Set down exact lines only, from the line with "Patient Specific Knee Replacement" through the last line of the material below, with every picture left out.

BEGIN Task data

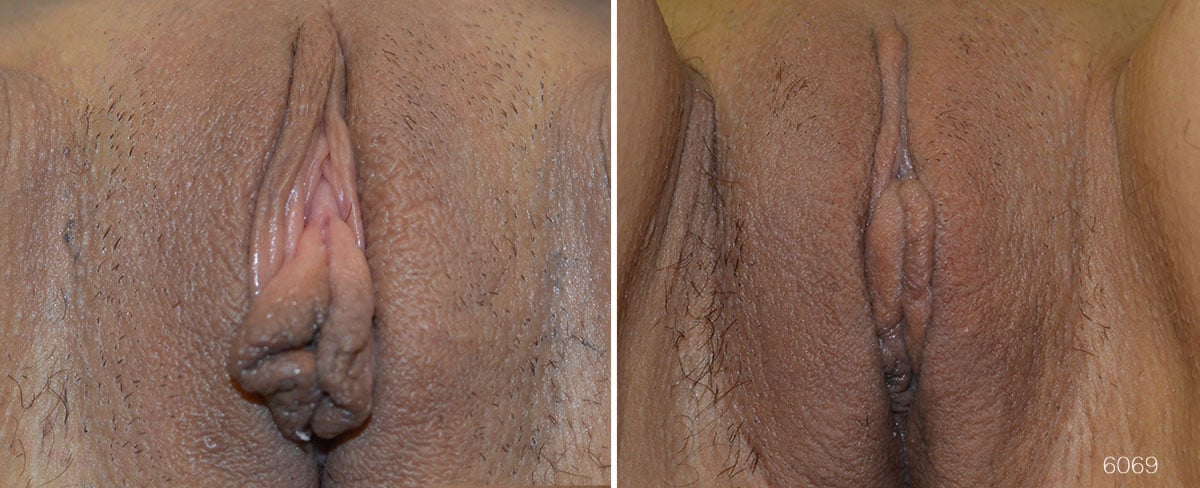 Before and after pictures of woman who has had labiaplasty.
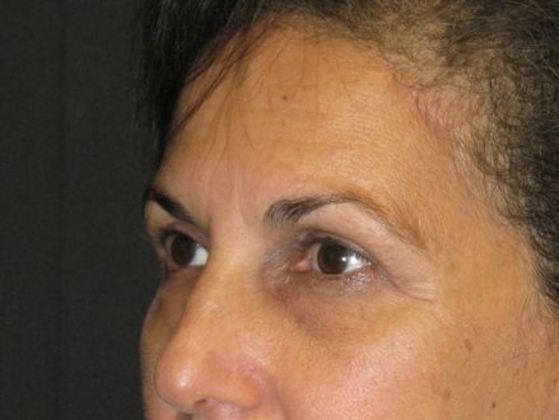 blepharoplasty (eyelid lift): Case 4 - after 4 months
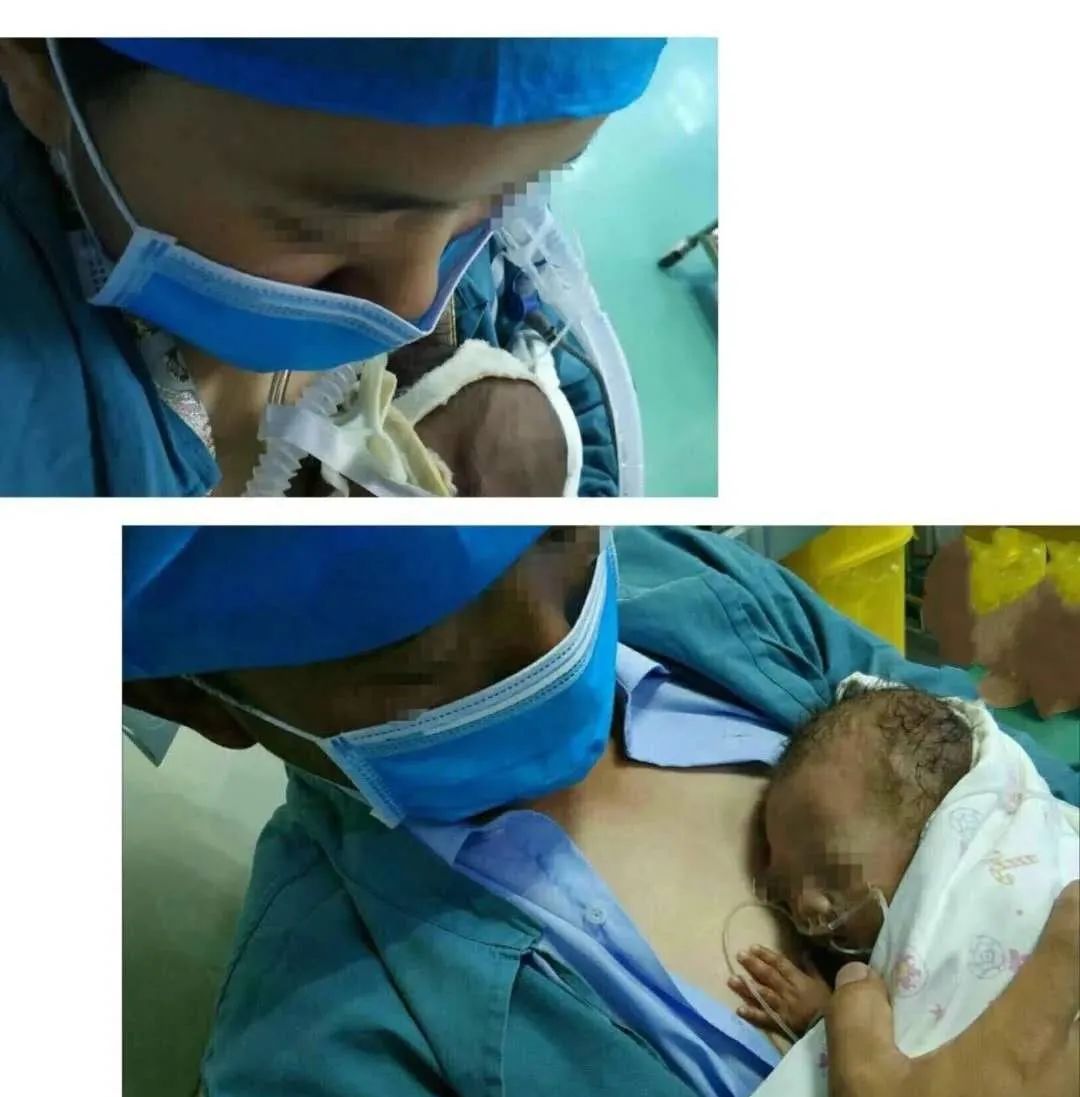 装在口袋里的爱,什么是袋鼠式护理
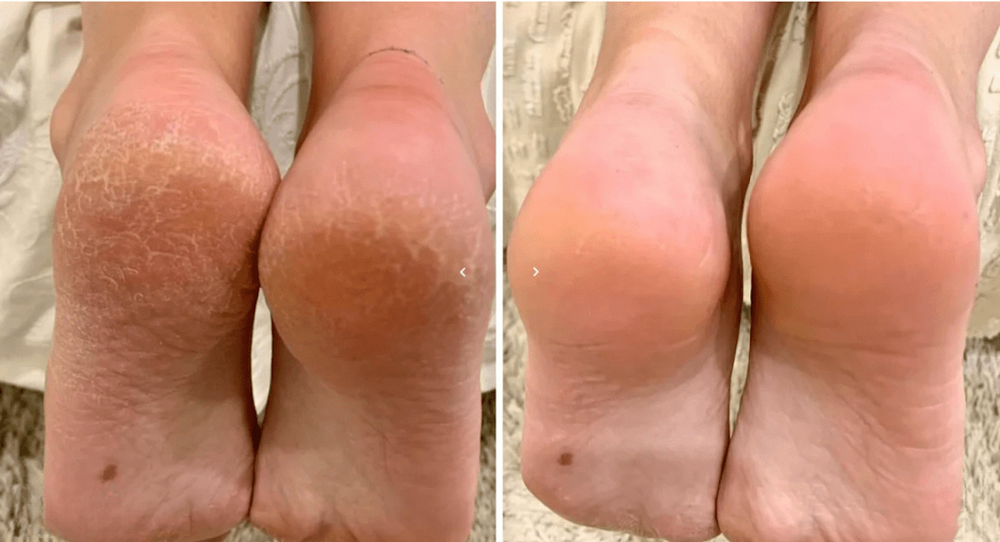 <p>לקוחות ממליצים </p>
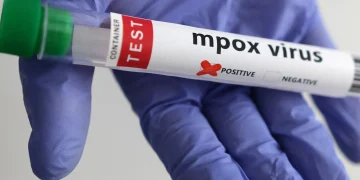Illustration of a laboratory test for mpox, showing a positive result.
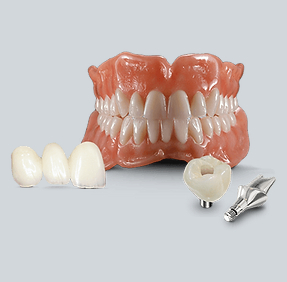 Fixed dental restorations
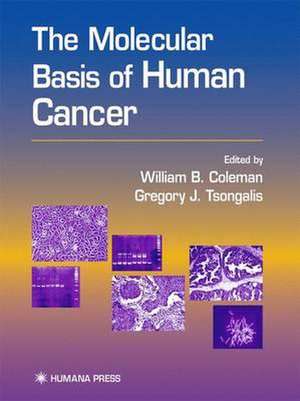 The Molecular Basis of Human Cancer de William B. Coleman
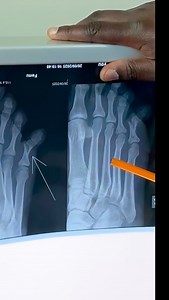 💥Buddy Taping for Toe Fractures👣 Not every toe fracture needs a cast or surgery. For simple fractures—especially of the smaller toes—we use a simple but effective trick called buddy taping 🩹 👉 We tape the injured toe to its neighbor for support. 👉 The healthy toe acts like a “buddy splint,” keeping the broken one straight and stable. 👉 It allows early walking and faster return to normal shoes. Sometimes, the simplest treatments are the most effective! #Orthopaedics #FootAndAnkle #ToeFractu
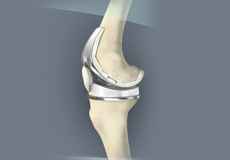 Patient Specific Knee Replacement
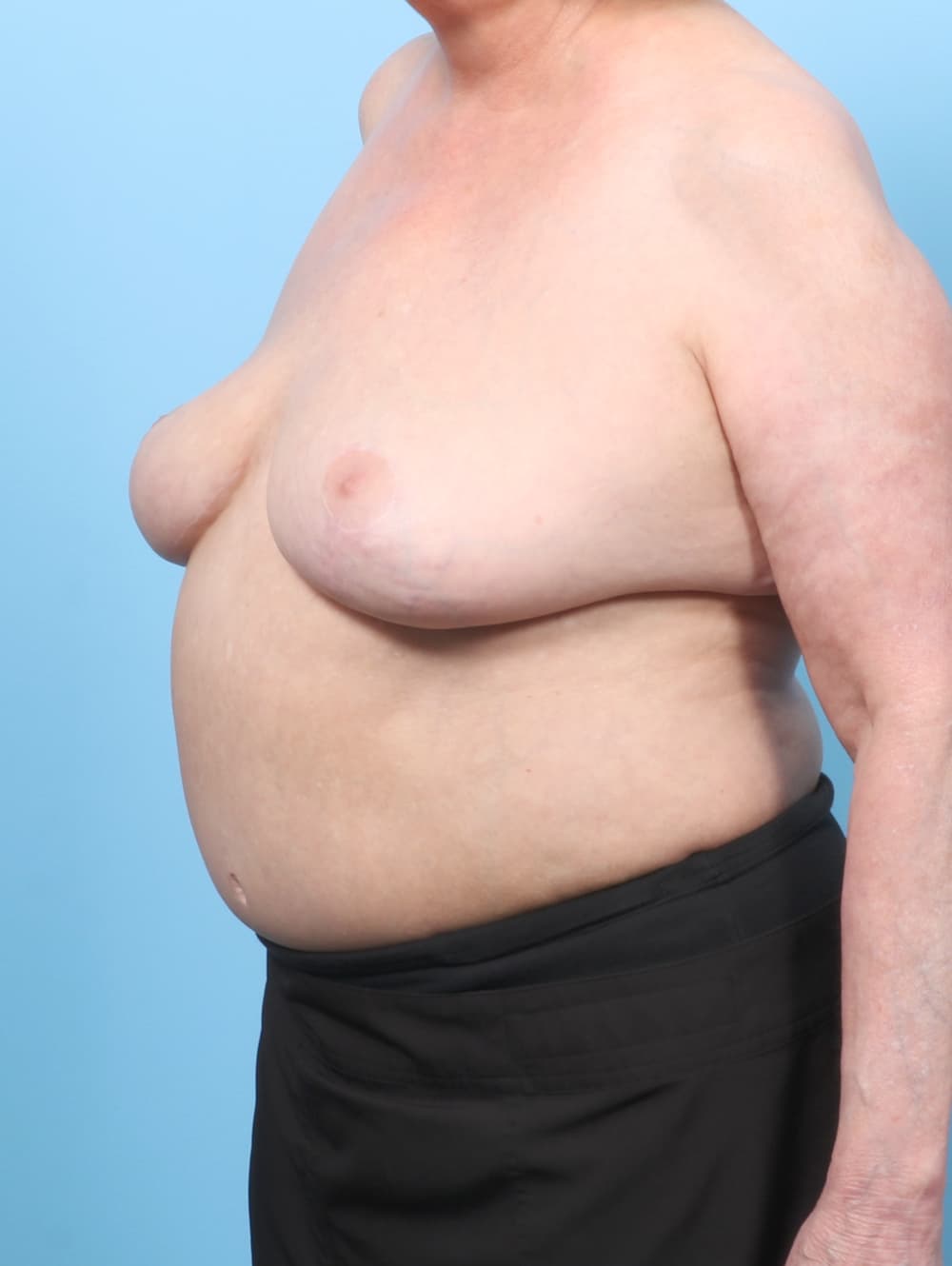 Breast Implant Removal with Lift case #7952 after, image 2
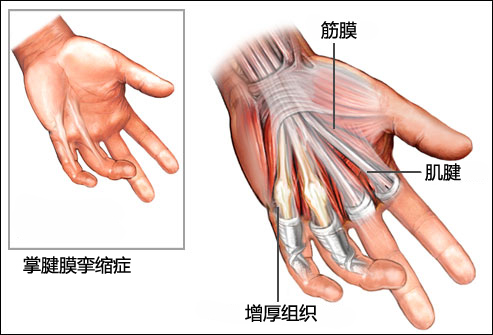 腱膜病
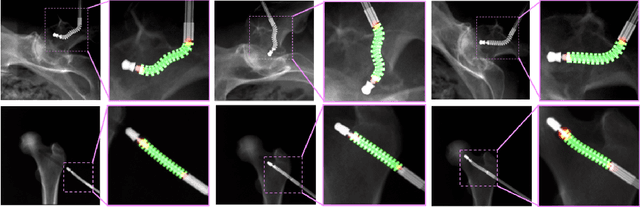 Figure 2 for Localizing dexterous surgical tools in X-ray for image-based navigation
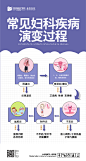 妇科疾病演变过程海报-素材库-sucai1.cn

END Task data

Answer space
 Patient Specific Knee Replacement
 Breast Implant Removal with Lift case #7952 after, image 2
 腱膜病
 Figure 2 for Localizing dexterous surgical tools in X-ray for image-based navigation
 妇科疾病演变过程海报-素材库-sucai1.cn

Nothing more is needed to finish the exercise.